DATA SUPPLIED Start Marker
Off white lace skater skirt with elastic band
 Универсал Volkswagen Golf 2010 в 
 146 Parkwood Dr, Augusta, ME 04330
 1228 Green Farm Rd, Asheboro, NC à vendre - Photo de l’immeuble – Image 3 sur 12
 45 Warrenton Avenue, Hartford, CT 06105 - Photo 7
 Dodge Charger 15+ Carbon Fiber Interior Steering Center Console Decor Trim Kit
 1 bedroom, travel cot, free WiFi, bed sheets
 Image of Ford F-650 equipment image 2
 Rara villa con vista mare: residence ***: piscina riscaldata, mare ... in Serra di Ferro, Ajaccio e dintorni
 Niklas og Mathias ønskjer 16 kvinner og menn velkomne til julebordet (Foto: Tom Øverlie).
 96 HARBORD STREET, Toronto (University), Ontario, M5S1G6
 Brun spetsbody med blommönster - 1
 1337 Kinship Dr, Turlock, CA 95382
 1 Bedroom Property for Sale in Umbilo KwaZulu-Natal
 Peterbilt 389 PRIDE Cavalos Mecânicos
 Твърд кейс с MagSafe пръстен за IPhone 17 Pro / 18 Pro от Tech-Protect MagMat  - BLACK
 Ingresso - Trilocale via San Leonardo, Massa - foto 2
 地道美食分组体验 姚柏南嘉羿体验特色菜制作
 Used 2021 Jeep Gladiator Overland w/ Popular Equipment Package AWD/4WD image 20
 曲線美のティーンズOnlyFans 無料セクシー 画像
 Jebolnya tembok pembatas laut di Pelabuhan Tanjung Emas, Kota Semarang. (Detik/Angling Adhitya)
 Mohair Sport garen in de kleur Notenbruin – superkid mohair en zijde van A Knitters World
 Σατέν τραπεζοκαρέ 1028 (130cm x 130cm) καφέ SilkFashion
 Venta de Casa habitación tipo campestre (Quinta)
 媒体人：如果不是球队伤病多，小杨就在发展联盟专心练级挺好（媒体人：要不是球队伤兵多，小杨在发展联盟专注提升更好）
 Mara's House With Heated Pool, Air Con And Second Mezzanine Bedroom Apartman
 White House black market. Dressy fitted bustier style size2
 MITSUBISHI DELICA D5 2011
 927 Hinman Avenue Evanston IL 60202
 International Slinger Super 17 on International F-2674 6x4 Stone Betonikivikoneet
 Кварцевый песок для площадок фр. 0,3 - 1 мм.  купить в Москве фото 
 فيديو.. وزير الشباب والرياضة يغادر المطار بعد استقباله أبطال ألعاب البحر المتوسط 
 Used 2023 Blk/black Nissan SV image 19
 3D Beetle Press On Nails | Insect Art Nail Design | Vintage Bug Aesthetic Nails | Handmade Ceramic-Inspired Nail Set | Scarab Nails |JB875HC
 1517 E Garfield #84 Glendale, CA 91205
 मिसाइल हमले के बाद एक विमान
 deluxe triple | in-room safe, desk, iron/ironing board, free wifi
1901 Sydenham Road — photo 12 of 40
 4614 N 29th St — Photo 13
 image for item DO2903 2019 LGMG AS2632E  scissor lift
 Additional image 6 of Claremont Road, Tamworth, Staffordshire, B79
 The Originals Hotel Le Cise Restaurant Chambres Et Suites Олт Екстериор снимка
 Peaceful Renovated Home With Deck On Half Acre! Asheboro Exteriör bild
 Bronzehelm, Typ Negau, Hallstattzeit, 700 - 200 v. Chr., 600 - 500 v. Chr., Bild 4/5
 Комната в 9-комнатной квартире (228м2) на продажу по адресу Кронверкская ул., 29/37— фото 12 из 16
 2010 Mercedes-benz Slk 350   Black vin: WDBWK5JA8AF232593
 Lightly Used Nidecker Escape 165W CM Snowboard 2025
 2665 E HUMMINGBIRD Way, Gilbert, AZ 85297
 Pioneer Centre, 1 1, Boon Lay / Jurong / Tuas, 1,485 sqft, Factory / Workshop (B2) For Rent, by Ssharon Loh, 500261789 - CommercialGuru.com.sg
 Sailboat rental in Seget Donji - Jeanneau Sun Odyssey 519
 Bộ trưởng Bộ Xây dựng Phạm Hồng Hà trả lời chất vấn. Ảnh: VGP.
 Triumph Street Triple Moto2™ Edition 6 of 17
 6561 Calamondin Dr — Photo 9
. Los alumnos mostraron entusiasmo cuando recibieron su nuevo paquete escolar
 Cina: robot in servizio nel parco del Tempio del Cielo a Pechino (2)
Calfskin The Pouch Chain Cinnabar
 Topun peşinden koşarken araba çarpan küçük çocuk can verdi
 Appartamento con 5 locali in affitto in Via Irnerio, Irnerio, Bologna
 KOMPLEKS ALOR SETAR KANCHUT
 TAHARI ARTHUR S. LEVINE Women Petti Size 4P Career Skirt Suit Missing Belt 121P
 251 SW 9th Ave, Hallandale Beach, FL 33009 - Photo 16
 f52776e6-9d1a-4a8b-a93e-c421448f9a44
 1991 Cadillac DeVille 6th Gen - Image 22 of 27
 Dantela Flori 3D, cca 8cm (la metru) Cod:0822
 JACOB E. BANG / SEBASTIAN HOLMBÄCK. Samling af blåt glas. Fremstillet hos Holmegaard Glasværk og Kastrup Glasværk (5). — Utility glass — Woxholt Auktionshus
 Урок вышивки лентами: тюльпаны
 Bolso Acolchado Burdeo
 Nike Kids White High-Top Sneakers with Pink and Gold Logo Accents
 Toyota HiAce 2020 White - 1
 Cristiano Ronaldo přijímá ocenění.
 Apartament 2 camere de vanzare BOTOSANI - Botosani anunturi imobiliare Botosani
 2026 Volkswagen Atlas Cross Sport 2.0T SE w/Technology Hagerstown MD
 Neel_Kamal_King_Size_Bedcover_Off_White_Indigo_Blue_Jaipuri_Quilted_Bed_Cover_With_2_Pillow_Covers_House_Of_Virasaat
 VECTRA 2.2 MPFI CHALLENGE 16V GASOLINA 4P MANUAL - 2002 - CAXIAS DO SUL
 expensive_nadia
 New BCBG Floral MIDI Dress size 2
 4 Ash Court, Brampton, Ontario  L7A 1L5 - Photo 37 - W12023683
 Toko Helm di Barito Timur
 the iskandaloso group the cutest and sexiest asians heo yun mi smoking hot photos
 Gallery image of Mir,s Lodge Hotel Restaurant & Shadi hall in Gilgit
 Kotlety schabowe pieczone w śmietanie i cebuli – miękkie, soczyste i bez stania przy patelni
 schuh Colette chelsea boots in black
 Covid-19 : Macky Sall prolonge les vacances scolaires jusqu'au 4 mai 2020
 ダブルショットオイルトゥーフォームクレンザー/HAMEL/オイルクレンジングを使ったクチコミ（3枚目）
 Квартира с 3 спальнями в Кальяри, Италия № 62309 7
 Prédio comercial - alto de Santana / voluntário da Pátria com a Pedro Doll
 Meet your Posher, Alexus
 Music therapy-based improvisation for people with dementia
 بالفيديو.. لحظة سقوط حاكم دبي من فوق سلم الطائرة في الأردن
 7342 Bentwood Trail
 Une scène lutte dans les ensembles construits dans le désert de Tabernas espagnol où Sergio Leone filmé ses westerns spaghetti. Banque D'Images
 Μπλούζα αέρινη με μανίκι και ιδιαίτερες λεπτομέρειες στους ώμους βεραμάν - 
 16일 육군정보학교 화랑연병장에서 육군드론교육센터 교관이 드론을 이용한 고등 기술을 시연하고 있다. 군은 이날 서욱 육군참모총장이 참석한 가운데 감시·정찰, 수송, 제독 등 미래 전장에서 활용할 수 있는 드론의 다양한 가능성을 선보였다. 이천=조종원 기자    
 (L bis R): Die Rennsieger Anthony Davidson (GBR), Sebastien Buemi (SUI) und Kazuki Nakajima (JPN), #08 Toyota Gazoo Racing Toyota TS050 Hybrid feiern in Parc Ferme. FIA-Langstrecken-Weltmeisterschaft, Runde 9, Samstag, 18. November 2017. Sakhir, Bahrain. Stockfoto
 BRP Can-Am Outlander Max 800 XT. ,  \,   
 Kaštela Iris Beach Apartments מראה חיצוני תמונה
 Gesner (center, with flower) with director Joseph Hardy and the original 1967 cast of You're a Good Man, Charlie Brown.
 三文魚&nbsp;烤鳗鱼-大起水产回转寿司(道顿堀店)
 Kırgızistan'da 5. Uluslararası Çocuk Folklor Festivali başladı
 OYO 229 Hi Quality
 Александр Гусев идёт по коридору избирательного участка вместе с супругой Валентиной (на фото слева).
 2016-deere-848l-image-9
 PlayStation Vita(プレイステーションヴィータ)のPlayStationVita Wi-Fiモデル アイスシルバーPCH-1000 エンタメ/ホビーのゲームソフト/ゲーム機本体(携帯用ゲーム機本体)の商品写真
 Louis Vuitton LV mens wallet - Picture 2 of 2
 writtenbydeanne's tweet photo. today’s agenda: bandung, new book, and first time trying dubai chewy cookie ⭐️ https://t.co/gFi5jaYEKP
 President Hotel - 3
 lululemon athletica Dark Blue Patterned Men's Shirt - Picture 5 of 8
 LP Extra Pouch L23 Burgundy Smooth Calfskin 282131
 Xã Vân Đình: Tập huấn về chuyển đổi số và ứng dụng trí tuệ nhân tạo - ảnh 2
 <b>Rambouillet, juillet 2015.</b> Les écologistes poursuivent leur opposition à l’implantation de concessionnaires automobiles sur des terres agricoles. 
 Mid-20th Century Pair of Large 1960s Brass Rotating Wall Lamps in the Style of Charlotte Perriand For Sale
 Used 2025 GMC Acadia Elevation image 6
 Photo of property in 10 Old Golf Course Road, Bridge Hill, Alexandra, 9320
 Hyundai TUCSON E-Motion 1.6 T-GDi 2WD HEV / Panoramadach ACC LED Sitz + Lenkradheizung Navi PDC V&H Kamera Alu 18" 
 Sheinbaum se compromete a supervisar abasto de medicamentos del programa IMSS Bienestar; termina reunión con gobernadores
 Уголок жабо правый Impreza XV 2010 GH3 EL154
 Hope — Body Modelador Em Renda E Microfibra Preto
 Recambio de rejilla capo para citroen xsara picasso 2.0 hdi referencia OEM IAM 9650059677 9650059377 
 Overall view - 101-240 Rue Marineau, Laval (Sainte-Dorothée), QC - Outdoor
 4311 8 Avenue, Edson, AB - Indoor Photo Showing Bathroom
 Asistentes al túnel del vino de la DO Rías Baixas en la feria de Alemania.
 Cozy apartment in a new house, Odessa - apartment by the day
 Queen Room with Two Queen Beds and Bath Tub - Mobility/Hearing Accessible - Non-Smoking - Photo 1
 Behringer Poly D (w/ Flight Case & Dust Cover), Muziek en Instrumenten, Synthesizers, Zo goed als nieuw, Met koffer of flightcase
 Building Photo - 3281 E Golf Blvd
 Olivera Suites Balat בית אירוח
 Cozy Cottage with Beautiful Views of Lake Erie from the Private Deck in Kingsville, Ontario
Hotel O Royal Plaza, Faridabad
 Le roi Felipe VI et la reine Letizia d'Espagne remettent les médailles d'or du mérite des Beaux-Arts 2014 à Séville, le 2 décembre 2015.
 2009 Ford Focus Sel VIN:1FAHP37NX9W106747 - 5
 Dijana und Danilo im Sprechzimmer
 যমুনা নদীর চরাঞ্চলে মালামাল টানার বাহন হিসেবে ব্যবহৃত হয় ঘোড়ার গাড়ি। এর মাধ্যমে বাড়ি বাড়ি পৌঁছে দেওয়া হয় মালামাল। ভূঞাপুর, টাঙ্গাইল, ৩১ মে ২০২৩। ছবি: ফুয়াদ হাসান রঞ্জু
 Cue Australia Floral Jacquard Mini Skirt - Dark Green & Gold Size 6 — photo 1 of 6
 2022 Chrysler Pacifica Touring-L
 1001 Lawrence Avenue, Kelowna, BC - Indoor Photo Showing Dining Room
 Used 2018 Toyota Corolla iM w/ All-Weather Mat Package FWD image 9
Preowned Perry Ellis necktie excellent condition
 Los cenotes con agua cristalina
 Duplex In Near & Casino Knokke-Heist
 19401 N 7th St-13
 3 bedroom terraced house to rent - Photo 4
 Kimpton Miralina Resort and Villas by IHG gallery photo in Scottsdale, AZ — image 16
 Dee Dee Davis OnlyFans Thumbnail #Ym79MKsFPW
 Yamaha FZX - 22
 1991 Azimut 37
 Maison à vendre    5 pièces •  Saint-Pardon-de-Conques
DATA SUPPLIED End Marker
DIRECTIONS: Give back exactly the lines of the listing, starting with the first and ending with the one bearing "45 Warrenton Avenue, Hartford, CT". Add no other lines.

REPLY TO THE TASK:
Off white lace skater skirt with elastic band
 Универсал Volkswagen Golf 2010 в 
 146 Parkwood Dr, Augusta, ME 04330
 1228 Green Farm Rd, Asheboro, NC à vendre - Photo de l’immeuble – Image 3 sur 12
 45 Warrenton Avenue, Hartford, CT 06105 - Photo 7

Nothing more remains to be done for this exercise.